Here is an assortment of useful jeweling tools -though mostly not necessary for this. Various thicknesses of wire; and cutting, flat and rounded pliers (you can get this set of 3 pliers at the big box store for $9). Tip: Real stuff (such as real copper and silver wire) tarnishes. Some of the cheapo craft wire from the big box stores doesn’t tarnish quite as quickly. If its really important to you whether your piece does or doesn’t tarnish, and you’ve got months of time before you need the piece, get some of your chosen wire and leave it out for a long time before using it to see how it looks later. Silver can be polished with a polishing cloth from a jeweler, and I was told copper can be cleaned with damp baking soda and a soft toothbrush (but the one time I tried that I scratched the piece up, so, at your own risk!). For this already tarnished pendant, I won’t mind when the rest tarnishes to match. I don’t mind the old look on my knitting.
So, I have a thin piece of wire, about 8 inches long or so going through the hole. Below: I wrap it around the pendant to attach it, in and out and around it again, letting the ends wind up on the back side. I left the loop on it where it used to hang on a necklace, I will attach another decoration here.It comes out looking like this from the front. Since the wire matches, it is not that obvious. People don’t usually look at things very closely, so its unlikely anyone will ever notice the wire, and it makes a secure attachment better than glue would.

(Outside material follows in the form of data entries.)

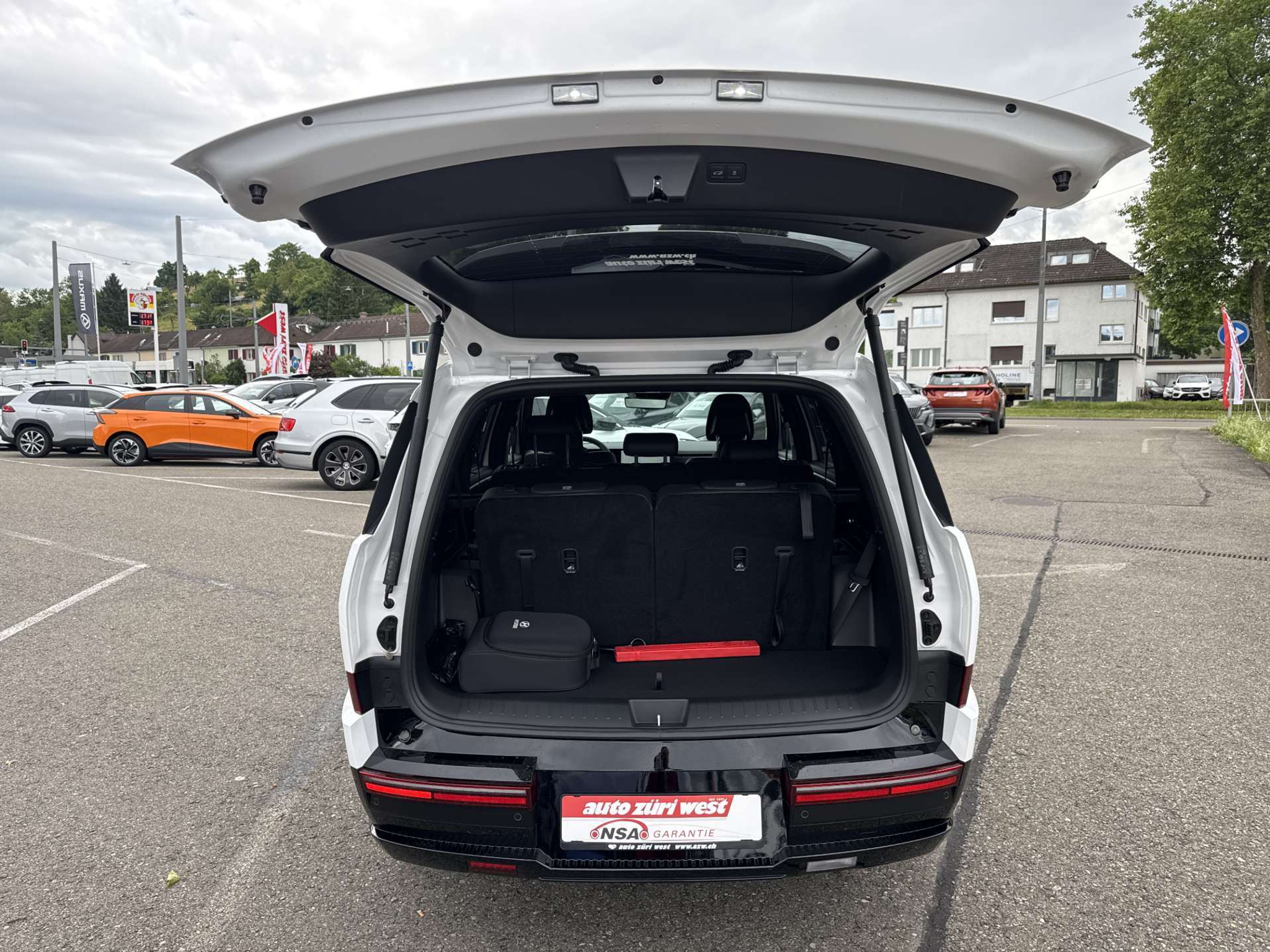 listing desktop thumbnail image 6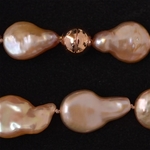 pink-gold-baroque-pearl-necklace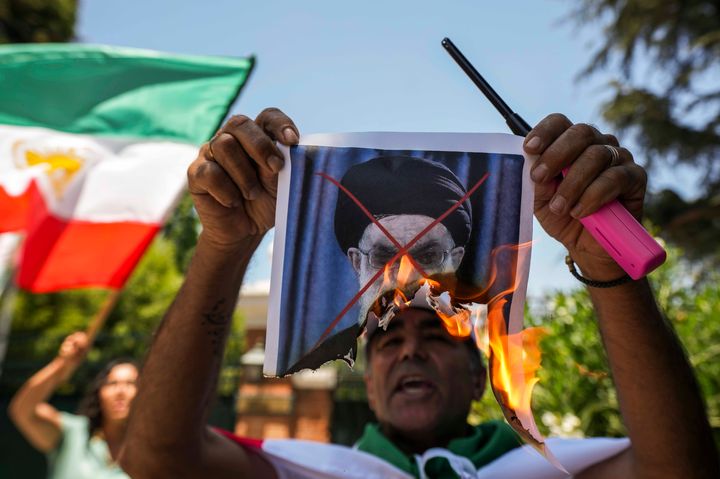 스페이스X, ‘유혈 시위 진압’ 이란에 스타링크 무료 서비스 제공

I use some glue too. I use Aleene’s Tacky Glue, but any craft glue would probably do. I put some between the pendant and the stick to help hold it in place. I used an old bobby pin to dab glue on the ends of the wire to help dull them a little. Its best to tuck them between the stick and pendant, then cut them to that length to really keep the ends from getting caught on things, but gluing them to something helps too. I also put a dab of glue on the loop I had to open to add the butterfly decoration to help seal it shut.
Finished pin below, securely attached and made from a stick from my yard. This is an old pendant my mom had, but you can get pendants like it, and the butterfly, at the craft stores.
And of course once you’ve got the wire, you wind up making other fun stuff like the necklace (a crystal wrapped in wire, then wrapped in felted wool, then hung on the copper wire).
Shawl pins also make great hair sticks! (Which of course also means that if you don’t want to make shawl pins, you can buy hair sticks with big tops to use as shawl pins.)
Details on each stick: 1. Stick from the yard with necklace pendants, stained and polyurethaned. 2. Wooden dowel, unstained, red wire wrapped around a glass stone (glue behind the stone helps with security). 3. Wooden dowel, stained and polyurethaned, seashell glued on to a flat end of the stick with copper wire wrapped around for both decoration and security. A separate wire is bent and hanging through the hole, beads added to each end, and wire wrapped into spirals with the round nose pliers to hold the beads on. 4. Wooden dowel, I tried my hand at making a spiral shaft, but you really kind of need a wood turning machine. The pendant glued and wired on to this was the top of a broken hair stick. 5. Haven’t decided what to put on this stick from the yard yet, but it is urethaned and ready…. 6. This was a chopstick from a chinese restaurant, unstained. I colored it with colored pencils to look like those harmony wood knitting needles you see in magazines. (This was an experiment, didn’t come out quite like I hoped, but its okay.) Copper colored wire wrapped through the hole and spiraled at the ends to hold the bead on.